Los medios de prensa lincharon de manera inmediata a las hermanas delincuentes y psicópatas dando crédito inmediato a la narrativa de las mujeres que si bien habían sido engañadas, torturadas, maltratadas y abusadas, la convivencia entre ellas nunca produjo sentimientos solidarios para salir de aquel mundo. Era de nuevo como el mundo surrealista de El Ángel Exterminador (1962) de Buñuel, de aquella casa de donde nadie sale pudiendo hacerlo, o como en La Gran Comilona (1973) de Marco Ferrer, en la que todos perecen antes que dejar de comer; así, la ambición de las hermanas, a todas luces, psicópatas, las atrapa en una red de relaciones de corrupción con autoridades civiles y militares, hasta su malhadada fama y ocaso en una prisión.
Es fácil advertir que, antes de analizar la veracidad de las narraciones de las mujeres que habían trabajado y habían enriquecido a las hermanas lenonas, se las reivindica como inocentes e ingenuas, la justicia las exonera de manera expedita y los jueces de aquel tiempo, que ojalá nunca se repitan, se dejaban llevar por la opinión pública de entonces sin discriminar la victimización del amarillismo con que se trató el caso.

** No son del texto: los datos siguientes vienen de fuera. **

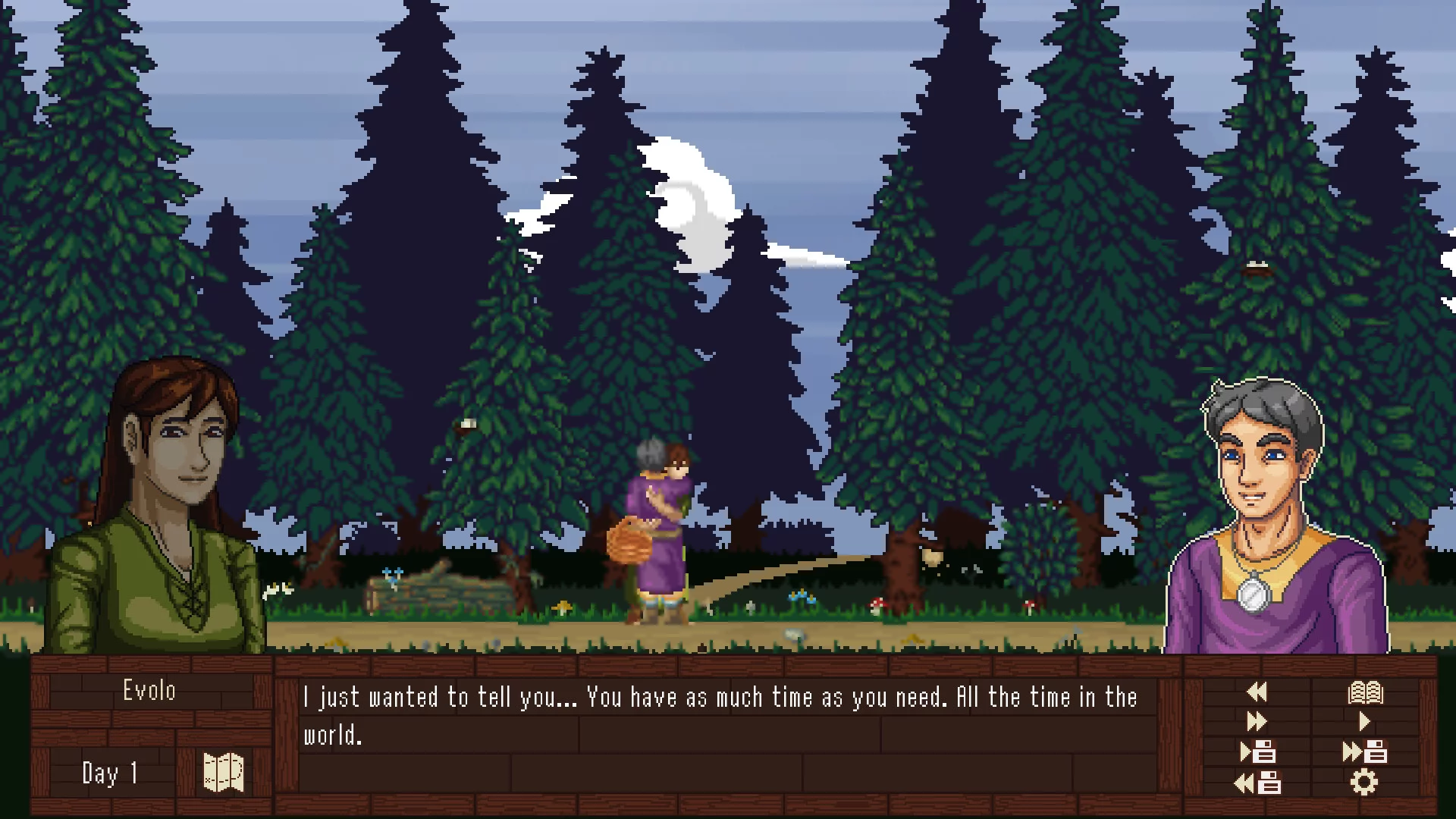 Изображение игры: Tales From Windy Meadow - Legacy Edition
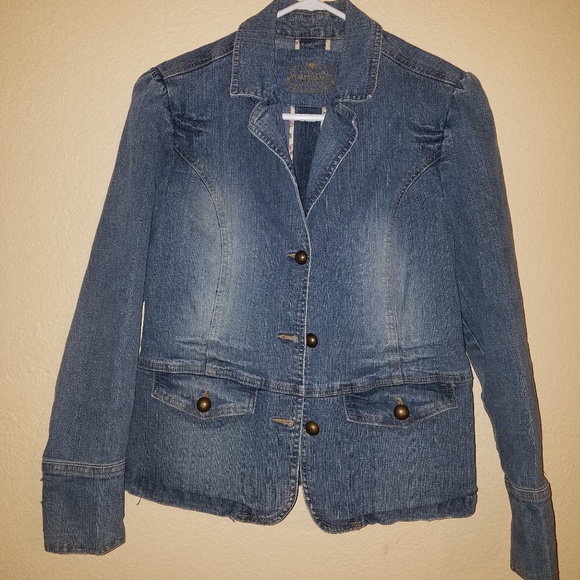 Denim Jacket - Picture 1 of 2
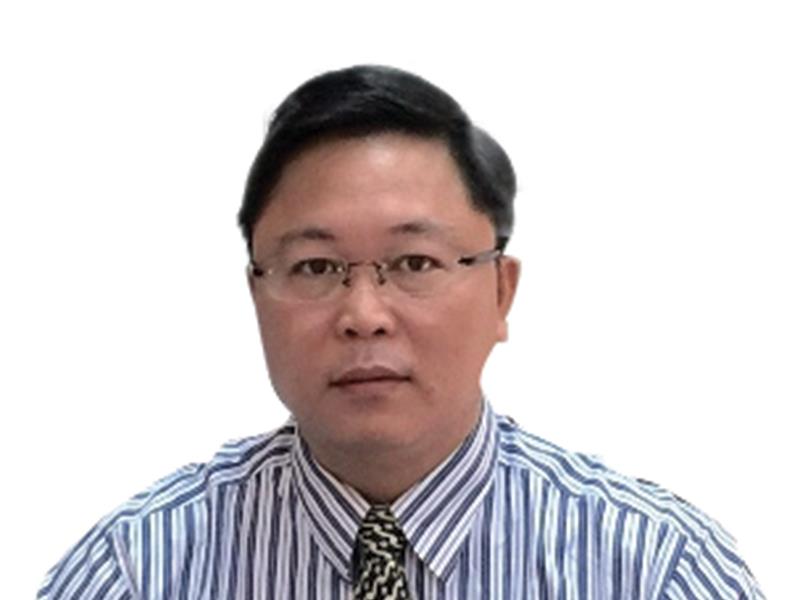 Ông Lê Trí Thanh, Phó chủ tịch UBND tỉnh Quảng Nam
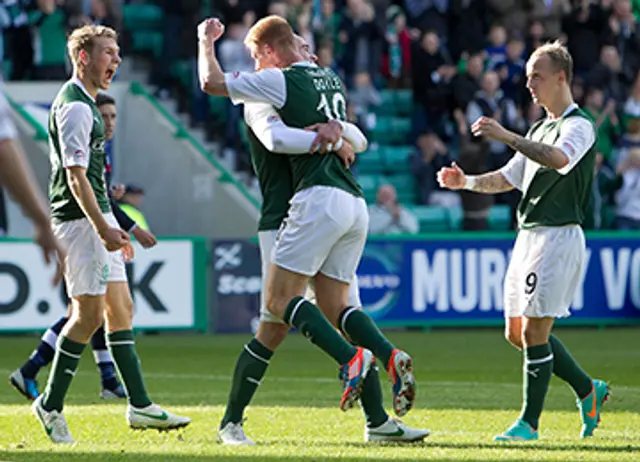 Inför: Inverness CT vs. Hibernian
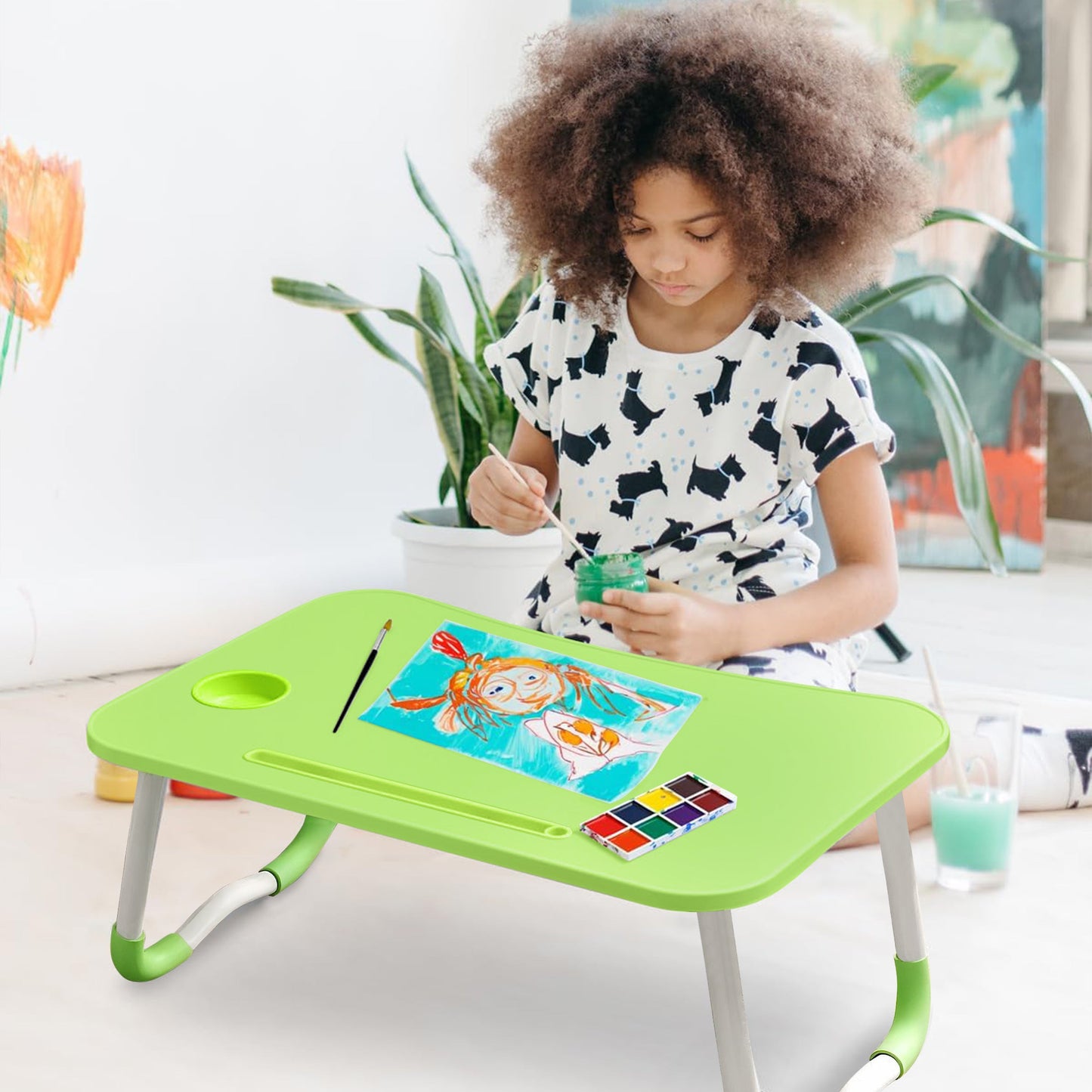 Portable Laptop Table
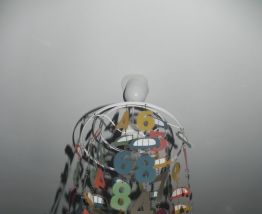 meuble rangement + toile lumineuse+ luminaire verbaudet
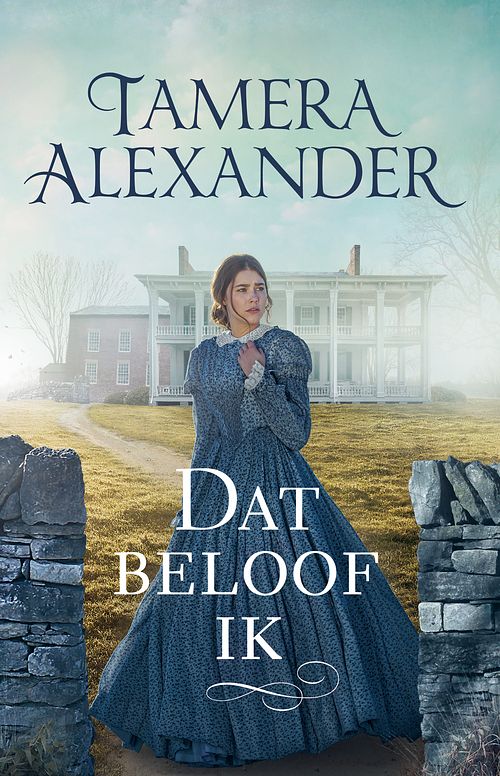 Foto van Dat beloof ik - tamera alexander - ebook (9789051947144)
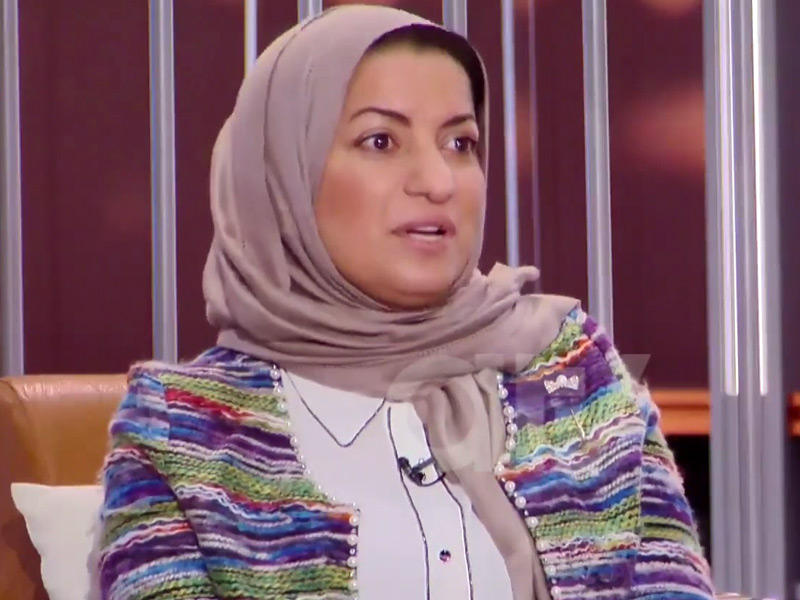  عميدة كلية العلوم الطبية المساعدة في جامعة الكويت، د. سعاد الفضلي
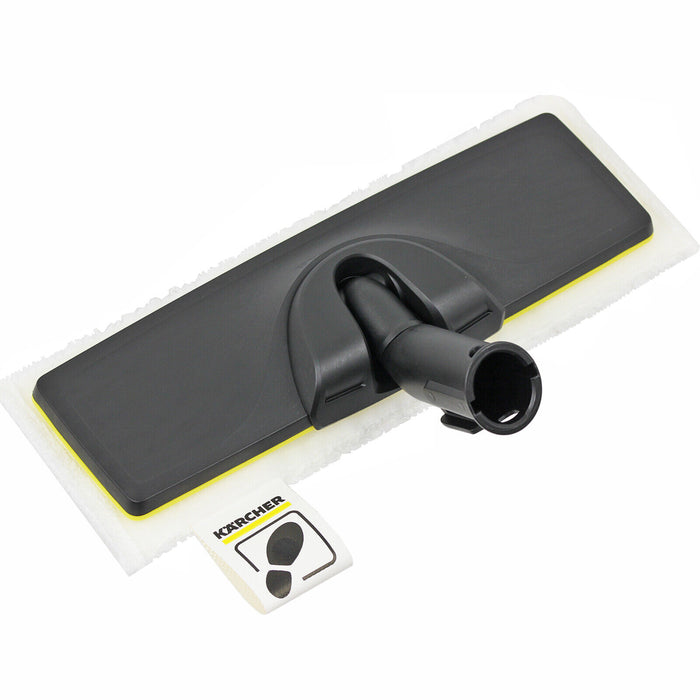 Karcher SC1 SC2 SC3 Steam Cleaner Floor Mop Pad Covers Nozzles Pads Attachment 2.863-019.0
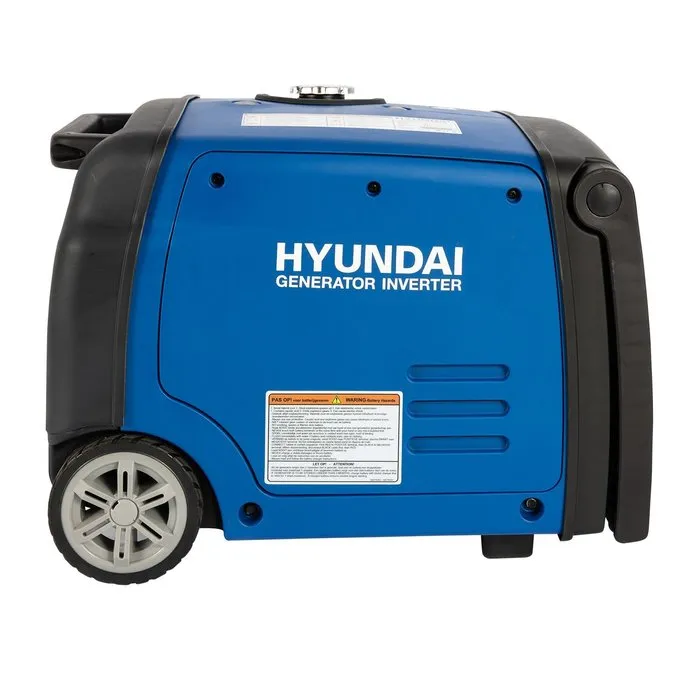 Hyundai Hyundai Inverter Generator HY-IG3200E  – 3200 W piekvermogen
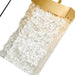 CWI Lighting - 1587P12-5-624 - LED Mini Pendant - Lava - Brass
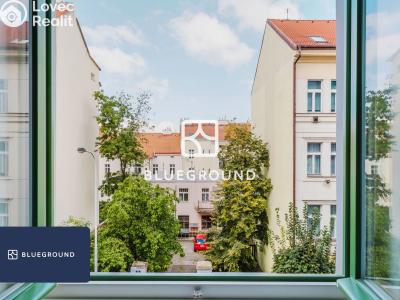 Pronájem bytu 1+KK Praha, Bořivojova č. 10
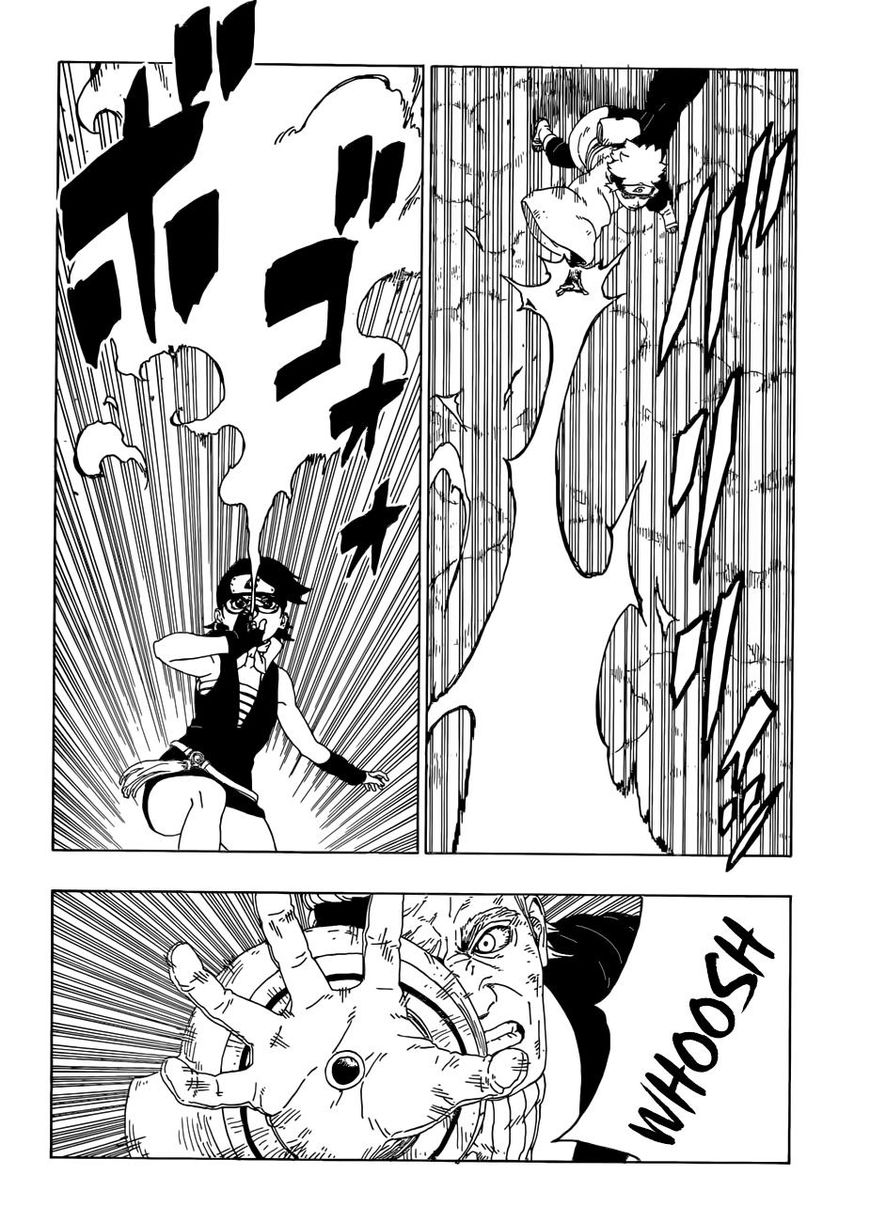 Read Boruto Naruto Next Generations ENGLISH Manga Online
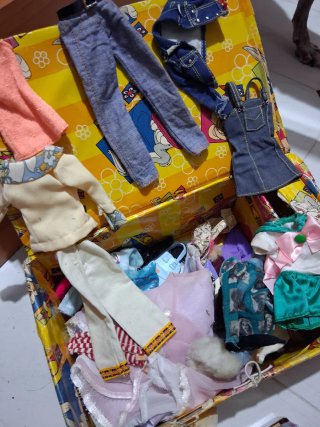Colección de Barbies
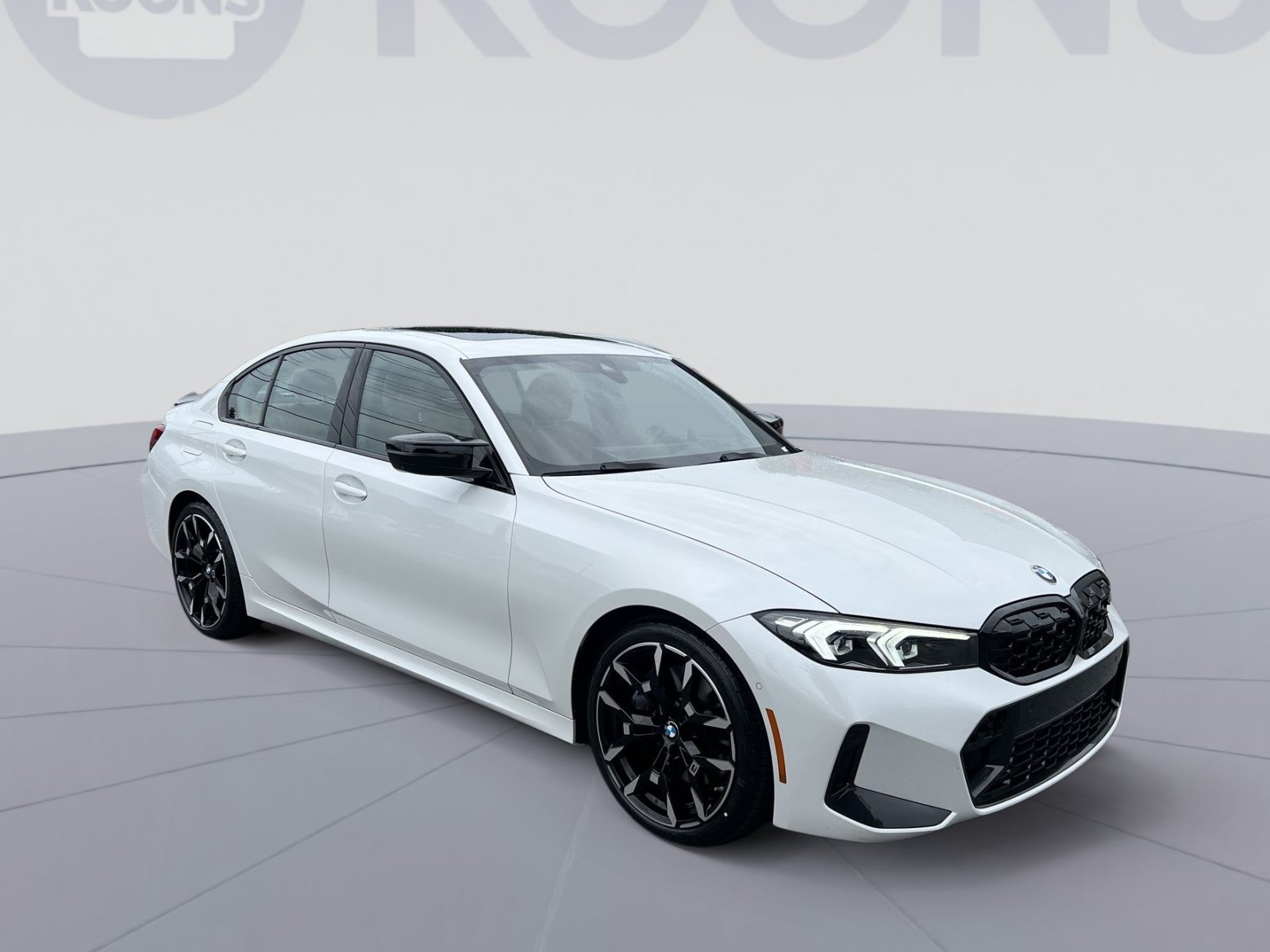 Used 2025 BMW M340i xDrive w/ Premium Package AWD/4WD image 10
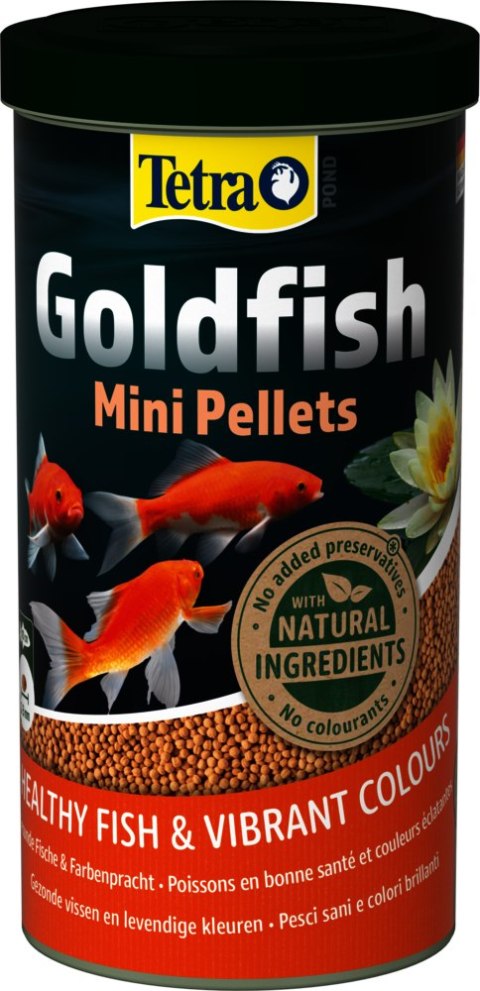 TETRA Tetra Pond Goldfish Mini Pellets 1l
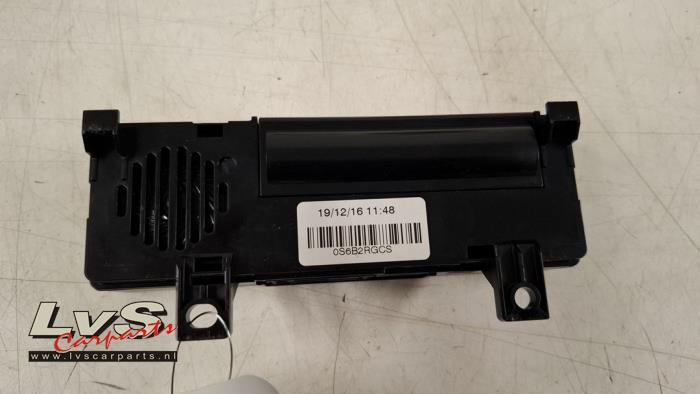 Citroen C3 Module téléphone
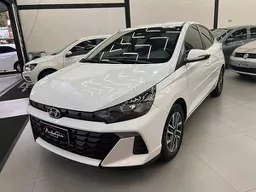 Hyundai HB20S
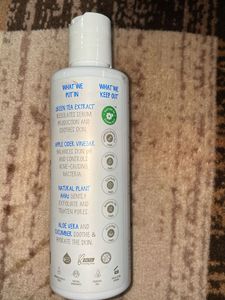 New The Moms Co Toner For Face Skincare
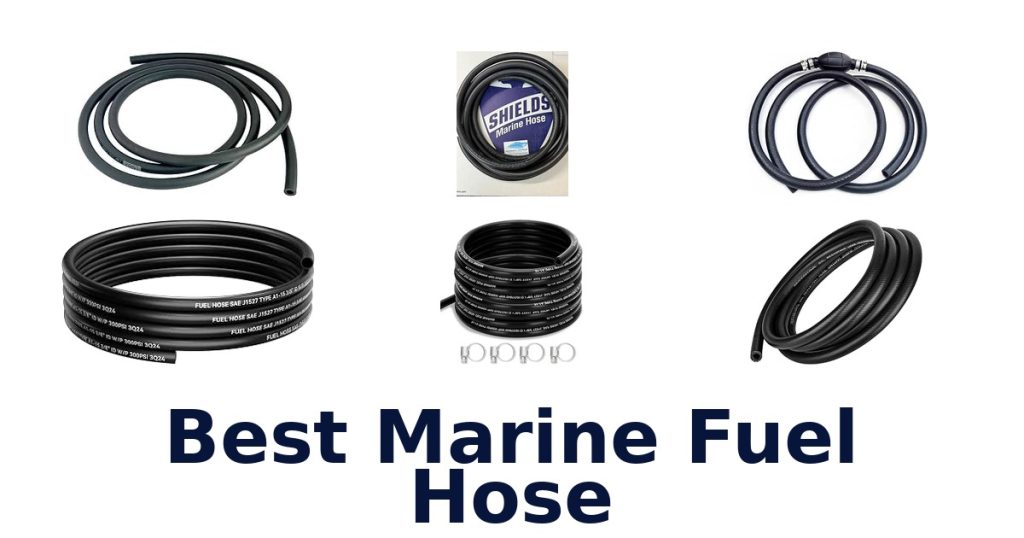 Best Marine Fuel Hose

El caso tuvo tal impacto en la sociedad, probablemente porque los protagonistas perfilaban a todos los estratos sociales de la época, cuya característica principal era la hipocresía, a grado que la conmoción semejante a los tiempos del medioevo hubiese renacido por obra y gracia de los cuentos infantiles con que se frenaba a las jóvenes a salir a los bosques y dejarse engañar por brujas que ofrecían una manzana envenenada, el ascenso económico era el móvil y sin embargo, los riesgos de jóvenes y adolescentes prevalecen en nuestro tiempo.
Usual en el cine de Luis Estrada, es su postura crítica velada o abierta del sistema político y social, pues no desaprovecha la oportunidad para mostrar cómo ha evolucionado la sociedad hasta nuestro tiempo y también cómo se ha transformado este México contemporáneo a ratos irreflexivamente tolerante pero que este relato muestra que esa tolerancia e inclusión eran necesarias y el desvelamiento de la corrupción histórica.
Las Muertas refleja ese estado de cosificación de las mujeres antes del movimiento feminista, la exclusión y la discriminación social presentes tanto en hombres como en mujeres, un caldo de cultivo preciso para la corrupción; cada uno es un arquetipo social que converge en un grupo de mujeres, todas ellas víctimas de la misoginia, de la malacrianza del machismo, de la pobreza, del entendimiento de la religión como el telón de fondo de la ignorancia y la usura y el cochupo y en medio de todo, un personaje eje en el que se retrata lo que sería el futuro de la comunidad transgénero.
Sin duda, este proyecto que según Estrada había acariciado desde la publicación de la novela, y por su amistad con Ibargüengoitia, es un producto de un cineasta maduro, que sabe su oficio y no se permite caer en los ya consabidos intentos fallidos.